The Chicago Bulls lost 105-98 and blew an 18-point lead to the New York Knicks.
Former-Bull Bobby Portis dropped 28 points and hit a three-point bucket to give the Knicks their first lead of the game at the 1:47 minute mark. As for the Bulls, they’d fail to score for the final 3:33 minutes, letting the Knicks cap off a 15-0 run to win the game.
This isn’t about growing pains. This isn’t about chemistry. This isn’t about one player. This is about bad basketball.
The Bulls tricked all of us by playing their best 1st quarter of the season, grabbing a 33-15 advantage.
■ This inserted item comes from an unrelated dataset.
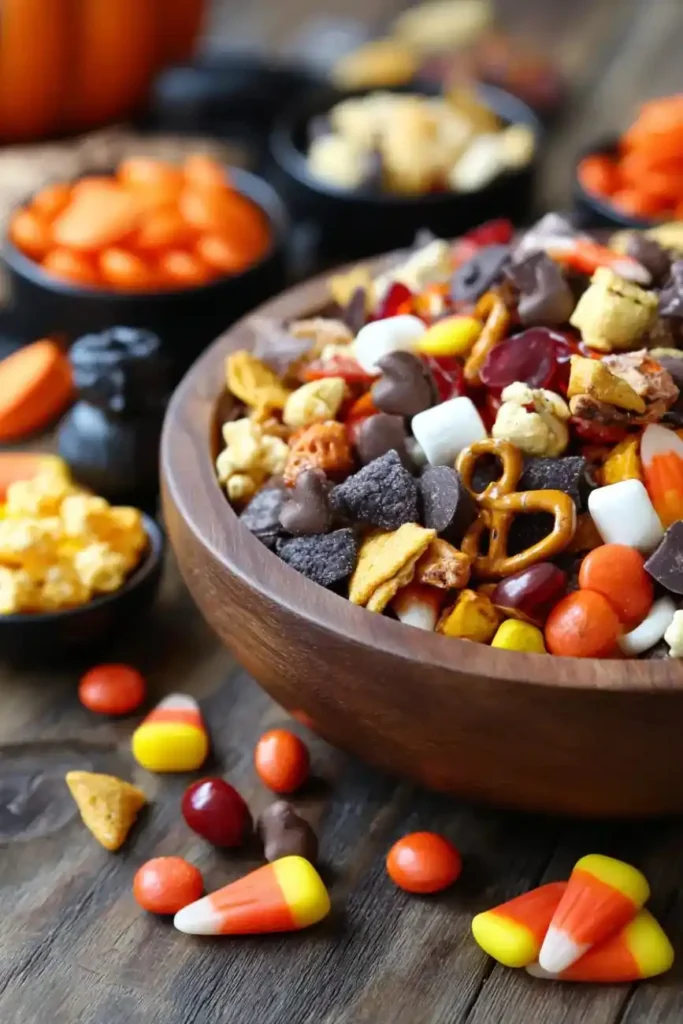 Wooden bowl filled with Halloween snack mix including candy corn, popcorn, chocolate, and mini pretzels surrounded by orange candies.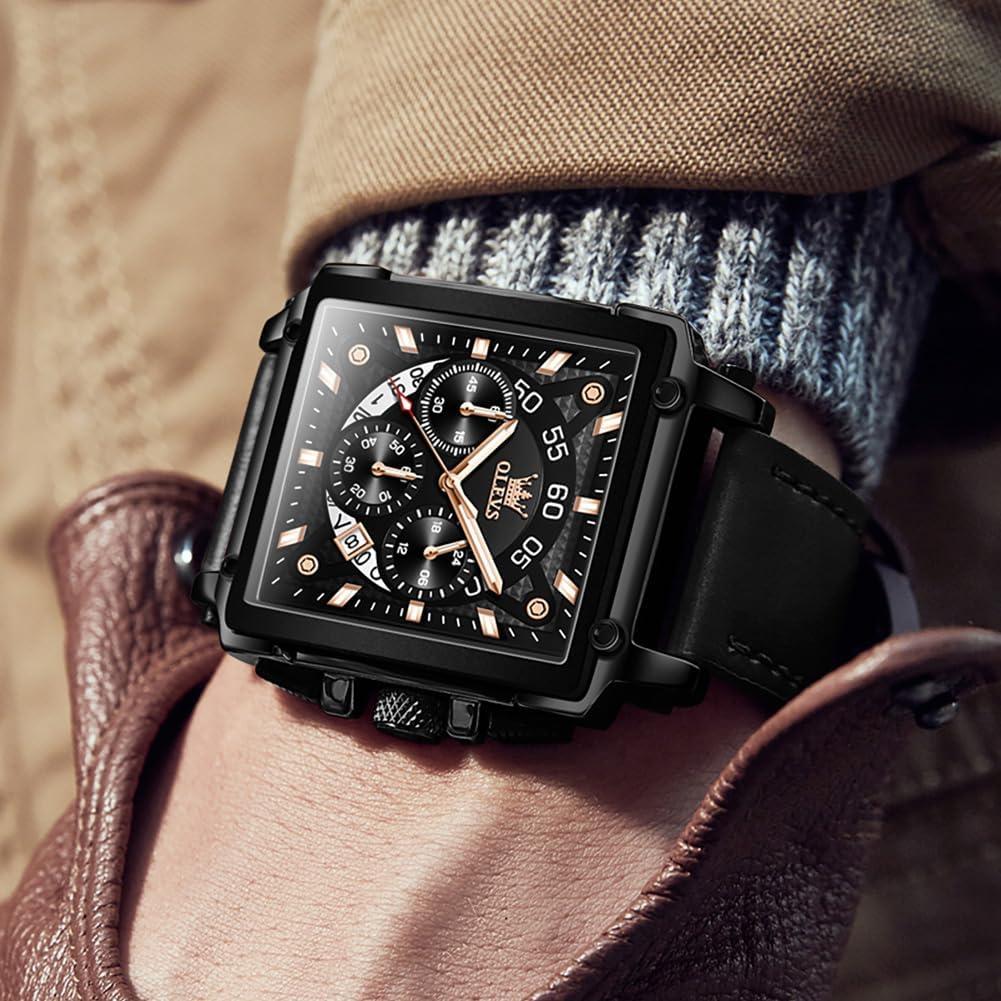 Reloj OLEVS Cronógrafo Hombre Acero Inoxidable Negro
After that, they were outscored every quarter and slowly let the Knicks climb back into the game. How? Well, being outrebounded on the offensive boards 25-9 doesn’t help. Oh, and shooting 25.7 percent from behind the arc isn’t going to win you games. But, ultimately, as the game grew close it came down to one thing … decision making.
Jim Boylen played Coby White and Ryan Arcidiacono the same amount of minutes. Zach LaVine played hero ball. The team took contested shots. Everything was out of sync when the game mattered the most. The ball movement that was so strongly demonstrated in the 1st quarter, the same one that gave the Bulls a 33-15 advantage, transformed into iso-ball. When the clock hit 3:33, it became every man for himself.
Horrible. And Zach LaVine knows it.
"We keep pissing away wins. I feel like we should be 3-1 right now, but it's flipped around." pic.twitter.com/Yv8htxSWij
— Bulls Talk (@NBCSBulls) October 29, 2019
We might be only four games into the season, but the word “playoffs” feels as foreign to the Bulls as the concept of closing games.